Rather they would ask: Could a useful presidency be built small enough to
contain the appetites of Donald Trump? Ministerial enough for Joe Biden? Having
a president of low character followed by an unsteady one allows us to clearly
see the problems with autocracy. The presidency we would invent today would
probably be too weak and too decentralized to be both head of state and head of
government.
Americans
have already turned our republican system into a jury-rigged parliamentary one
in which effective government can take place only when one party controls the
presidency and both houses of Congress. Participants in a modern convention
might make it official and give us a prime minister instead of a chief
executive. But that wouldn’t be very helpful for the world’s apex power at a
time of global instability challenges. Nor would it be a good idea to add any
new incentives for partisan tribalism.
But if
there was a Madison among the delegation, he or she might see that the biggest
problems with the presidency these days are not with the office, but its
occupants. That suggests a problem with the way they are chosen.
Many of
the delegates in our thought experiment would surely cry for the president to
be elected by one national, popular vote instead of the Electoral College. But
aside from the defect of increasing the chances that a candidate might actually
be able to succeed in stealing a future election with only one result to rig or
vandalize, a national popular vote would not do anything to improve the quality
of the people from whom voters must choose.
Before
the debate over how to decide between two candidates, delegates would first
need to consider how to choose the candidates in the first place. Given the
inability of the major parties as currently constituted to reliably pick
nominees who are both virtuous and able, it seems obvious that the most urgent
reform would be to how those nominees are selected.
No one
would design the system as we have it, in which a small percentage of voters in
a handful of states have effective control of the final choices available to
the whole nation. What we have is democratic, but hardly representative. I
don’t suggest that I know a perfect substitute, but I do know that replacing
the function of parties in picking nominees with primary elections has
established the wrong incentives.
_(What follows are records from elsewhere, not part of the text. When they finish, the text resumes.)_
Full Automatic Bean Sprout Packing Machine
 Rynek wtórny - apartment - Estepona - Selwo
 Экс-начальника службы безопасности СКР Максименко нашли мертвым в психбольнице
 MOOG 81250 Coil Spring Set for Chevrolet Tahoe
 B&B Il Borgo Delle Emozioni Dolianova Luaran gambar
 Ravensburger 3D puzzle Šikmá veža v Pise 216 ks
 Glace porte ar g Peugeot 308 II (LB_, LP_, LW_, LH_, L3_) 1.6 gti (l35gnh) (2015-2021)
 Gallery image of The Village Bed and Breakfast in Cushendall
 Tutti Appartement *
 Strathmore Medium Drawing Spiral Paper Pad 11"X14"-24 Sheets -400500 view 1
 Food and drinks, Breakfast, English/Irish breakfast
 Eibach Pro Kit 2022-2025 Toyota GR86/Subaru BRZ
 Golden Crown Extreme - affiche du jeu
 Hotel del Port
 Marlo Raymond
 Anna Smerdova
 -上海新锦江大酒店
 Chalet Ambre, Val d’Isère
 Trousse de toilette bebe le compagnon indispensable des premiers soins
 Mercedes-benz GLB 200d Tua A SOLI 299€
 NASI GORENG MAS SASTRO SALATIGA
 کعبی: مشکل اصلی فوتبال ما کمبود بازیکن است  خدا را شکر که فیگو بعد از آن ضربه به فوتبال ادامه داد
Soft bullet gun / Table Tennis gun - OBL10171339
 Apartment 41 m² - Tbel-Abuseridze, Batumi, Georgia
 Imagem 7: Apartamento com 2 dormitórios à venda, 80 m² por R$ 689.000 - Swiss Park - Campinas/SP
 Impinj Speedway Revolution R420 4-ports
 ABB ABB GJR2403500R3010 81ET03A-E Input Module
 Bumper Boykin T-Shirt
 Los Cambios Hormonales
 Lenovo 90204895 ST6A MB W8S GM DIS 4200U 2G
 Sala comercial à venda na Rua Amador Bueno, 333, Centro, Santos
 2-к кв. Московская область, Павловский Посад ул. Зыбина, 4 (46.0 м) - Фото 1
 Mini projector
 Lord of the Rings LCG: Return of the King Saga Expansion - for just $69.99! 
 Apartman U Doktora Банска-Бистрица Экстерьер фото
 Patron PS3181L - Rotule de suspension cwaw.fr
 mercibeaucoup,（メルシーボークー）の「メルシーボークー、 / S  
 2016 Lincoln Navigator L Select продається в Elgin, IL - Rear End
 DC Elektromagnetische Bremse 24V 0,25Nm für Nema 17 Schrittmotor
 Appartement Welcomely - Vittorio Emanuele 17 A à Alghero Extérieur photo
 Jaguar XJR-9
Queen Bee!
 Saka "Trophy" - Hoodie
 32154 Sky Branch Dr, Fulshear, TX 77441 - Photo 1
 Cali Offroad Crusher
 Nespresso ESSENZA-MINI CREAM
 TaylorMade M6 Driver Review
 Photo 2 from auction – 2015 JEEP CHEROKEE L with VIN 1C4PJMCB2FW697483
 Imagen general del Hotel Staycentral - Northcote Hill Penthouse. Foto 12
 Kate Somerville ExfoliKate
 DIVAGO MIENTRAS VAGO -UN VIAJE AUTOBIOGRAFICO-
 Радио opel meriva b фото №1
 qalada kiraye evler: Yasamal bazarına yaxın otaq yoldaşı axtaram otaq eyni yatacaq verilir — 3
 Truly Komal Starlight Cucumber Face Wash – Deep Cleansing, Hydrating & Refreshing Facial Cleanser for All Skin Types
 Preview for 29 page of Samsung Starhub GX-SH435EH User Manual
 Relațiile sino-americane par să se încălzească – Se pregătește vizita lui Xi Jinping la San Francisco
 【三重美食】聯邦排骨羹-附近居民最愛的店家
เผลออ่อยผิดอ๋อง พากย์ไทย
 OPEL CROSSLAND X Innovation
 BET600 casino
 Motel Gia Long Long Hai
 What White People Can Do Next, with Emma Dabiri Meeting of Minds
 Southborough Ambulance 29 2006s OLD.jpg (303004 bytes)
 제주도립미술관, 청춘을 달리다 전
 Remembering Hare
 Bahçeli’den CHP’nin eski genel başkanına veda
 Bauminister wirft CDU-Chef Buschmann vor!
Our imaginary delegates would need to
consider a better way.
The
modern Madison might suggest “supplying, by opposite and rival interests, the
defect of better motives” and design some elegant system still rooted in our
traditions that would reward the virtues we seek in our presidents and punish
the obvious vices.
Overweening
ambition and undignified self-promotion are unworthy of Washington’s office and
of the nation its holders serve. Those baser behaviors should not be requisites
for a job that is supposed to be about courageous, sacrificial, unifying
leadership.
We do
not need a new presidency; we need a new way to select our presidents.
There
won’t be a spontaneous rewriting of Article II anytime soon, but in the coming
weeks and months as party leaders at the state and national levels—as well as
voters—shape the process that will select the next two candidates for chief
executive, they ought to imagine what a more wholesome, virtuous system would
look like.
“It
should be the highest ambition of every American to extend his views beyond
himself, and to bear in mind that his conduct will not only affect himself, his
country, and his immediate posterity;” Washington wrote not long after his
first election, “but that its influence may be coextensive with the world, and
stamp political happiness or misery on ages yet unborn.”
Just
because we have fallen short of that standard does not permit us to abandon it.